Michael Cox is the Attorney General of Michigan and he's not very happy with Blue Cross Blue Shield of Michigan right now. He recently filed a lawsuit against the company because they allegedly used the premiums of Michigan subscribers to purchase and out of state company for the benefit of its subsidiary, the Accident Fund Insurance Co. of America, back in November of 2007.
If this is true, Cox maintains, then Blue Cross violated Michigan law, specifically Public Act 350. Says Cox: "Michigan law prohibits Blue Cross from purchasing a for-profit workers' compensation company other than the Accident Fund. And if Blue Cross does transfer subscriber money to the Accident Fund, it must be in the form of a loan, not a gift that is never repaid."

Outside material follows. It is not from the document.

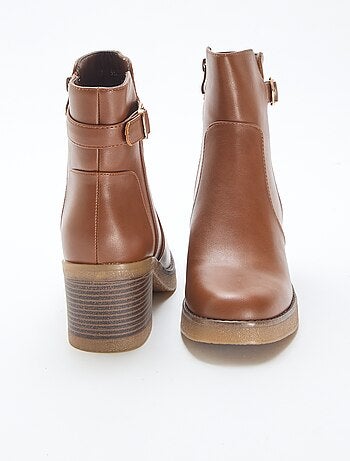 Botas com tiras e fivelas douradas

Andrew Hetzel is Blue Cross' vice president of corporate communications. He says that Blue Cross not only intends to fight the case but to win as well: "We have the facts on our side."
This has the potential to get a lot of people in trouble. For example, Ken Ross. Ken Ross is Michigan's State Insurance Commissioner and he issued a statement that approved the transfer of Blue Cross funds to the Accident Fund for the purpose of purchasing CompWest.
It's a noble thing that Cox is doing. He says: "Subscriber funds were used so Blue Cross could purchase a for-profit company. And consumers, the sick and the elderly have paid higher premiums because funds that could have been used to lower their costs were diverted for this purchase.
"Michigan consumers are being squeezed by high gas prices, mortgage foreclosures and high unemployment rates. They shouldn't also have to pay higher health care premiums so Blue Cross can go on a spending spree and grab up for-profit insurance companies."